Material for this task: Begin

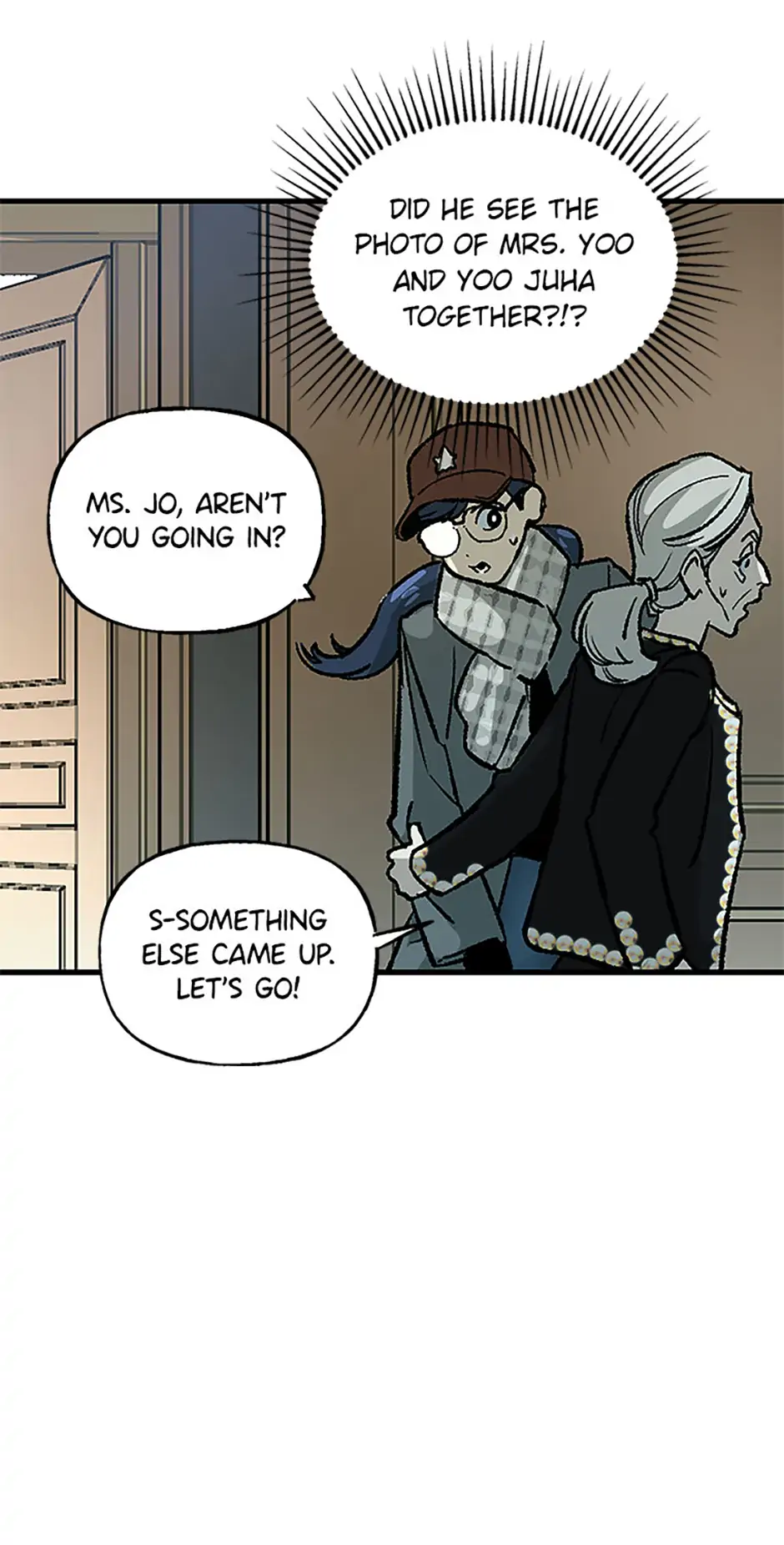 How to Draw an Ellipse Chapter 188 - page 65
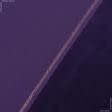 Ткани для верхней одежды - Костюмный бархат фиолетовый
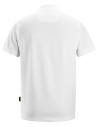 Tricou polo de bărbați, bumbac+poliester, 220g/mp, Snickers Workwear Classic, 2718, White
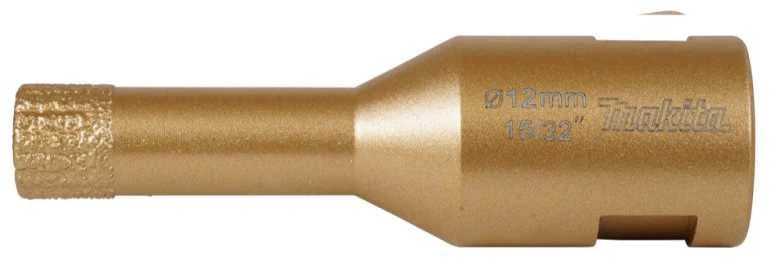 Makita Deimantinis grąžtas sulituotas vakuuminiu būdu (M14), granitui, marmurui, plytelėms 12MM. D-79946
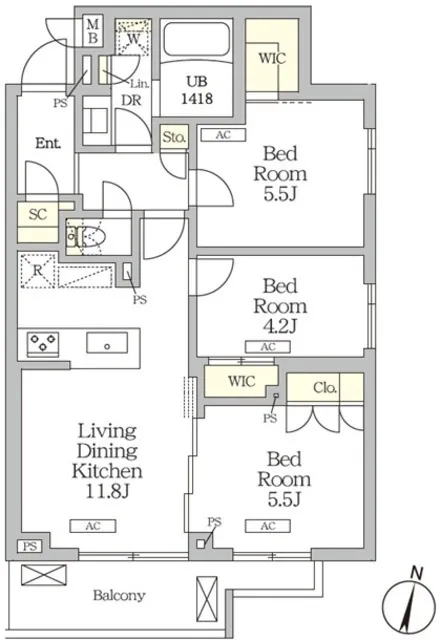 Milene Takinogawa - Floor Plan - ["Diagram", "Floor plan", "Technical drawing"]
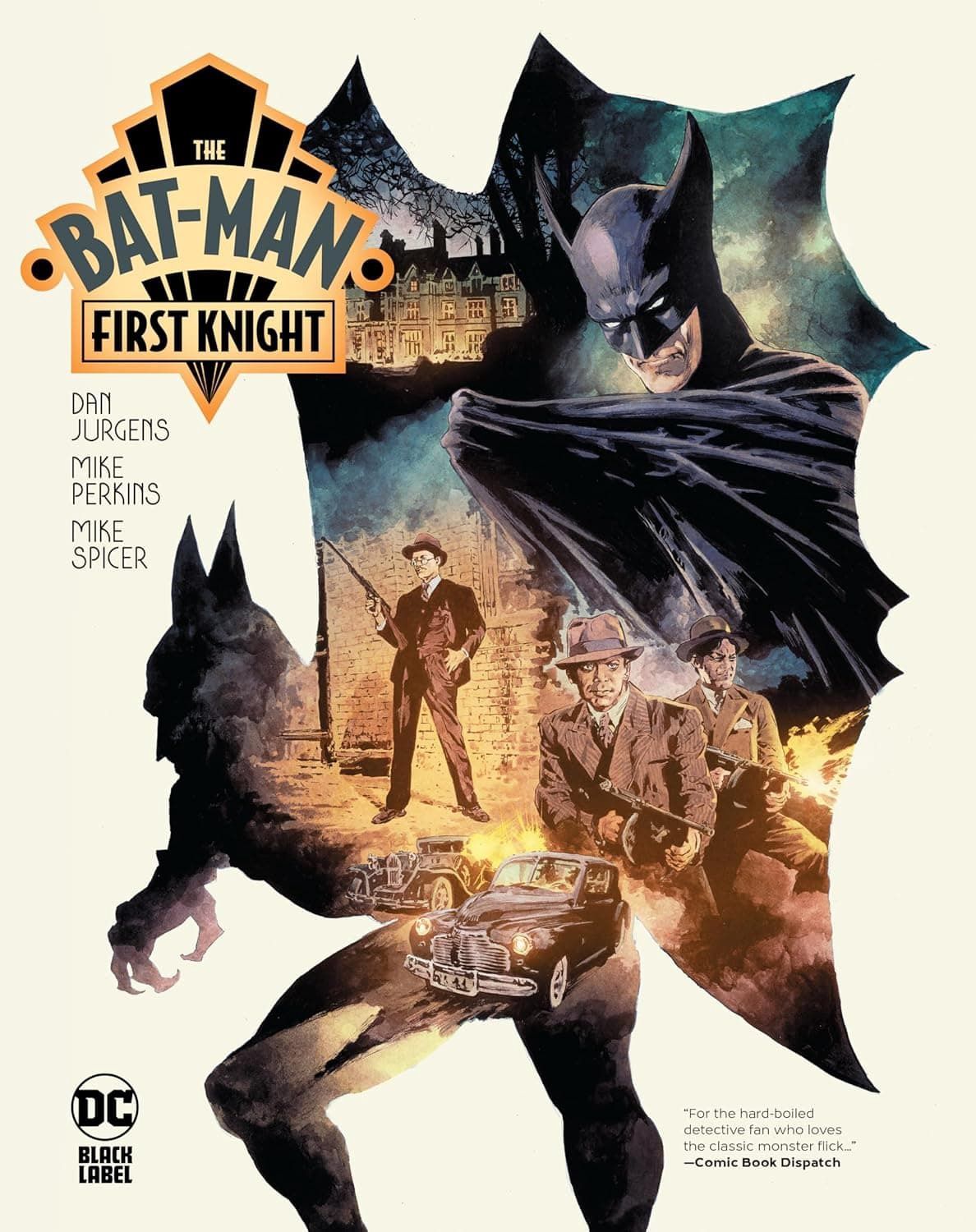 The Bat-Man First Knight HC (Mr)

Material for this task: End

*Task statement*. Could you set down exactly, and only, the lines from the line containing "Tricou polo de" through the last line of the records, both included, without the pictures?

*Answer below*.
 Tricou polo de bărbați, bumbac+poliester, 220g/mp, Snickers Workwear Classic, 2718, White
 Makita Deimantinis grąžtas sulituotas vakuuminiu būdu (M14), granitui, marmurui, plytelėms 12MM. D-79946
 Milene Takinogawa - Floor Plan - ["Diagram", "Floor plan", "Technical drawing"]
 The Bat-Man First Knight HC (Mr)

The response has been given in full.